The three-year project, called ‘Growing women in coffee’, will look to address the low levels of land and coffee bush ownership amongst female Kenyan farmers by developing an asset-transfer programme, similar to previously successful schemes. Key assets in the production of coffee in Kenya, the Fairtrade Foundation says, are usually held by men.
The Fairtrade Foundation will work closely with the coffee union that represents the farmers to develop and market a brand of coffee within Kenya labelled Women’s Coffee.
The foundation will also provide ‘green energy’ biogas units and instruction on good agricultural practices to three hundred women who have already benefitted from an asset-transfer programme near Kericho, Western Kenya.
The project has been enabled by a grant of more than £389,000 from the Big Lottery Fund, which distributes National Lottery revenue to community projects and good causes, as well as further funding from the government of Guernsey’s overseas aid commission.

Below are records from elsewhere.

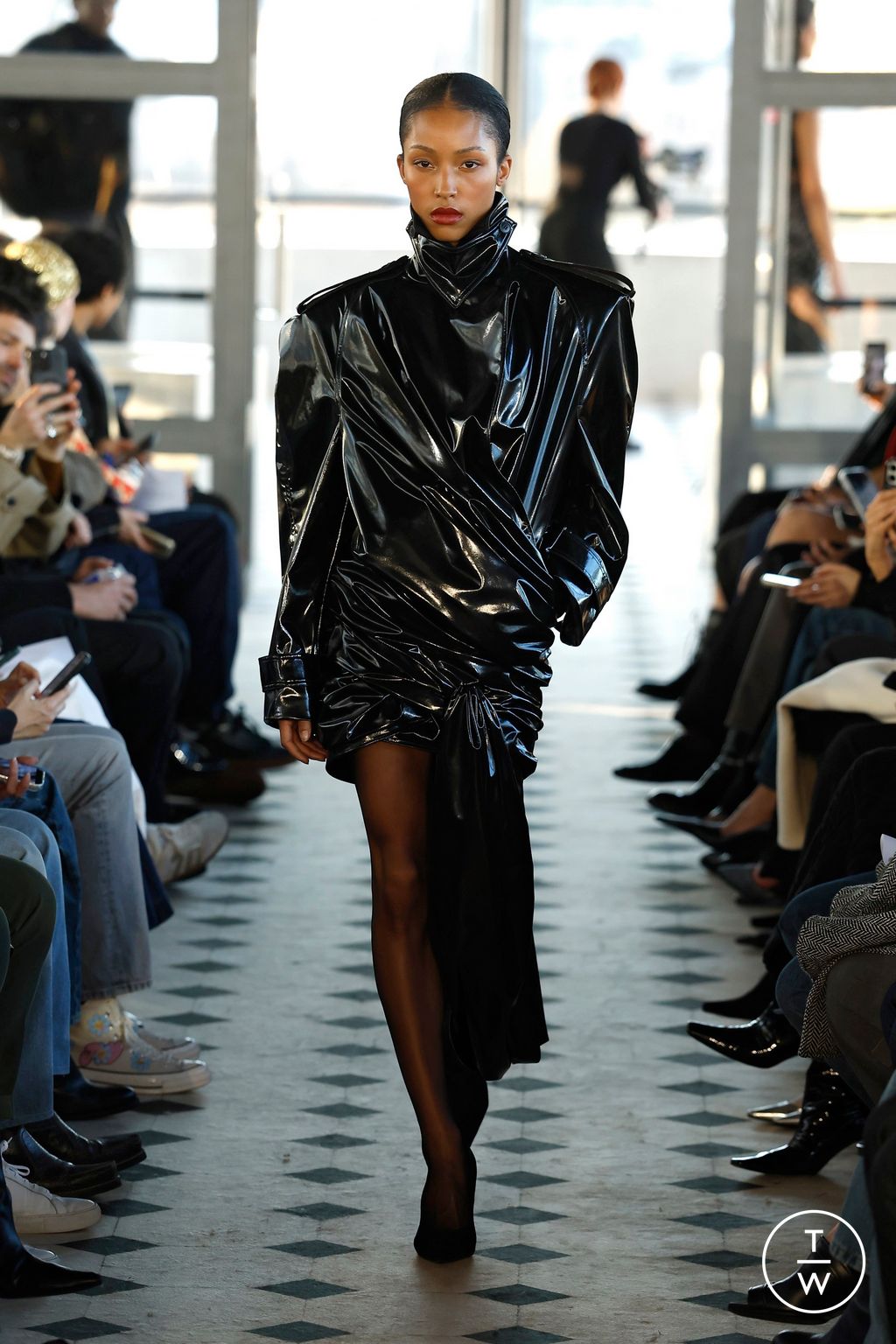 Fashion Week Paris Fall/Winter 2026 look 10 from the Burc Akyol collection womenswear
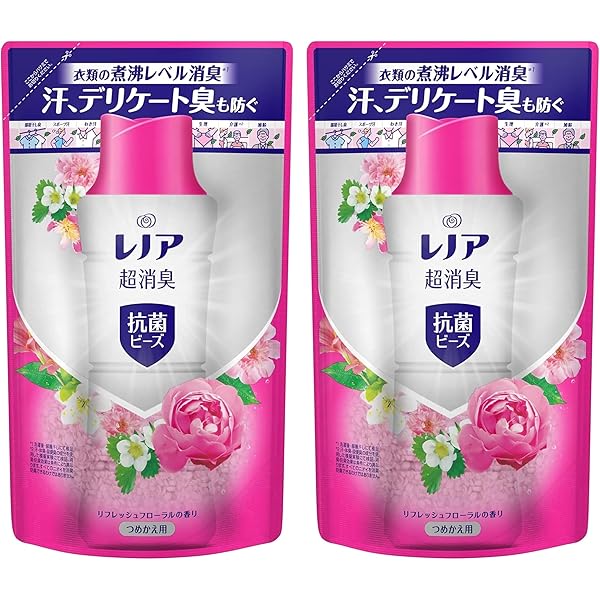 Amazon | レノア 超消臭+ 抗菌ビーズ リフレッシュフローラル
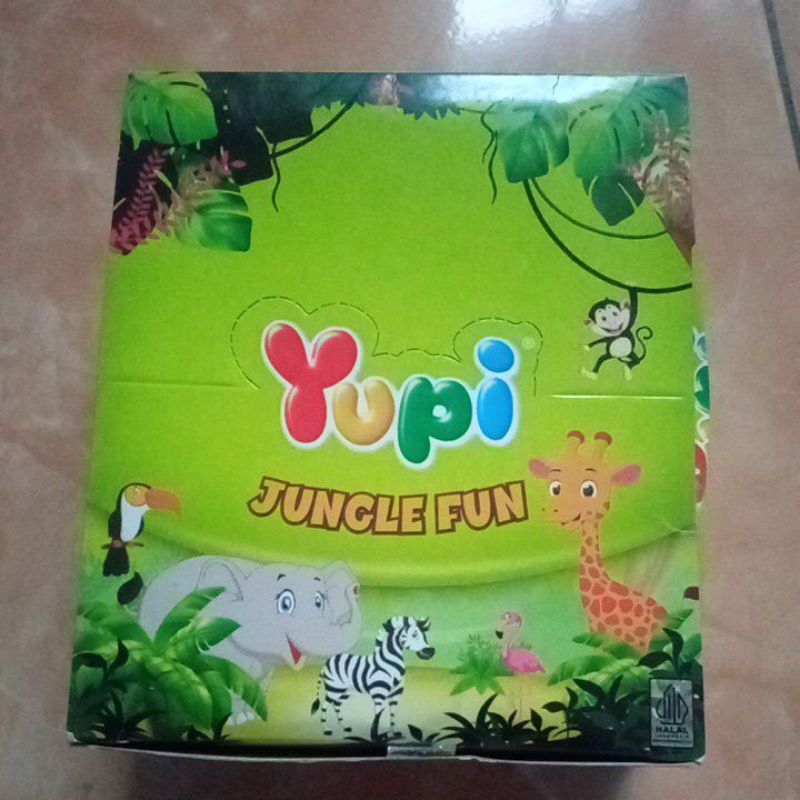 

Permen yupi jungle fun hewan isi 24 pcs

David Finlay, the Fairtrade Foundation’s fundraising manager, said: “We are looking forward to working with Fairtrade Africa on this project, which will directly empower hundreds of women farmers and has the potential to benefit thousands more. By working with the women in these co-operatives to roast, grind, package and sell their beans as ‘women’s coffee’, we hope they will be able to increase the amount they sell on Fairtrade terms, which will bring benefits for their whole community”.